NEBLINA

O SER E O ESPELHO DO SER.

A Casa de Tijolo é um espaço hibrido que mistura ateliê experimental, espaço de encontro e exposições. Há cerca de4 anos, a casa oferece encontros de retrato, onde os artistas podem se dedicar ao exercício de observação dos aspectos físicos e investigação da personalidade do retratado. Nesse contexto, a casa ganha feições de oficina em que não há exigência de formalidades, mas de experimentações. Onde se estimula a criação artística e trocas de saberes.

Nos encontros, o modelo é qualquer pessoa que se dispõe à posar e ser retratado. Pode ser um amigo, um morador local e até mesmo um dos artistas que frequentam e a Casa de Tijolo. Quem posa, se dispõe à participar dos encontros, vivenciar conversas, relatar histórias, memórias, experiências de vida.

 
A construção do retrato é perceptiva, que se constrói e se soma em camadas que se desenvolve em envolvimento. A proposta pode ter uma duração infinita, que se modela junto ao tempo de ambos os polos – retratado e retratam-te. Os retratos são na verdade a ponte entre o olhar, o tempo, a técnica e a materialidade entre ambos.

Desse exercício, o que se apresenta é o resquício da temporalidade dos encontros, da construção perceptiva dos artistas e da imagem/figura do retratado. Cada retrato é assim, o resíduo dessa experiência, do tempo do encontro e envolvimento. As obras são resultantes do tempo posado, do momento único vivido por cada um presente.

A partir dessa relação, a exposição “O Ser e o Espelho do Ser” referencia-se à teoria da Fenomenologia da Percepção de Merleau-Ponty. A fenomenologia da percepção desenvolve-se em torno da noção de existência, como diz Merleau-Ponty nesse ensaio, é através do olhar que primeiro interrogamos as coisas, e devemos compreender o corpo, de forma geral, como um sistema voltado para a inspeção do mundo. Os olhos, são mais do que receptores sensoriais, é uma ferramenta sensível de compreensão do mundo físico.

 
Essa investigação do Ser, através da análise da experiência do corpo próprio, prossegue com uma revisão mais radical das categorias da metafísica clássica, mantendo as temáticas do corpo e da sensibilidade no centro da investigação.

A pintura privilegia-se dessa reflexão, que se resulta em linguagem estética, de expressão reflexiva do próprio corpo, comunicação com o mundo através do olhar e da sensibilidade. Dualidade essencial para a percepção da realidade defendida por Merleau-Ponty, revendo as noções de percepção de mundo, de corpo próprio, de sujeito e de relação com o outro, em uma ligação de troca em que se desintegram os limites do corpo e alma.
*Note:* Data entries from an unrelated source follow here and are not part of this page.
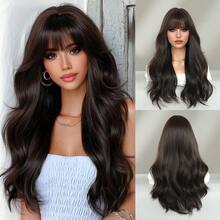 7JHH WIGS High Quality 24-Inch Long Body Wave Dark Brown Wigs For Women Fashion Synthetic Wavy Curly Wig With Bangs, Heat-Resistant Fiber Full Machine Fake Hair, Beginners Glueless Costume Wigs For Daily Party Wear, Music Festivals Cosplay Use - Dark Brown - View 12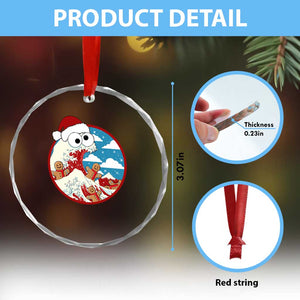 Funny Christmas Crystal Glass Ornament Santa Tsunami Is Eating Ginger Bread Xmas TS11 Print Your Wear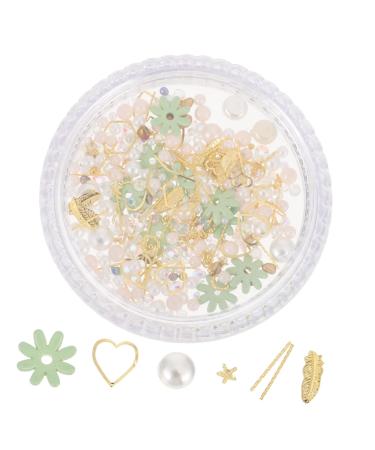 Housoutil 1 Box Nail Art Accessories Nail Decoration Manicure Studs Embellishment Nail Art Decorations Artificiales Para Trendy Decor Nail Stickers DIY Nail Supplies Alloy Japanese 6.5X6.5X1cm Green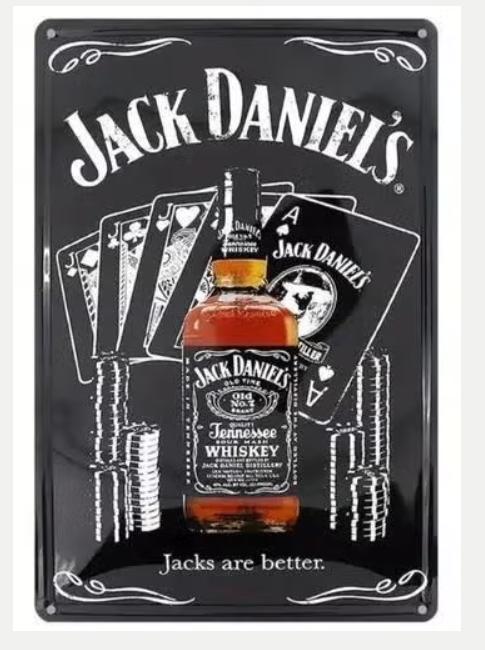 Plaque en métal Jack Daniel's Tennessee Whiskey (40 x 30 cm)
Há uma relação de entre o que olha e o que é olhado, entre o vidente e o visível, um entrelaçamento, que o artista restitui em “traços da mão”.

Sob o valor da experiência individual, do corpo presente que vivência o olhar, somados aos encontros, essa mostra exalta também o valor do processo. A Casa de Tijolo, como ambiente hibrido, permite a experiência concreta da percepção construtiva e do desenvolvimento poético de cada um. “O Ser e o Espelho do Ser” é uma mostra dos vestígios dos encontros e da cumplicidade com o retratado. Aproximando a arte, vida e transcurso de forma mútua, posicionando o artista e seu modelo em uma inter-relação do Ser, que gera infinitas visões e sentidos, como um jogo de espelhos.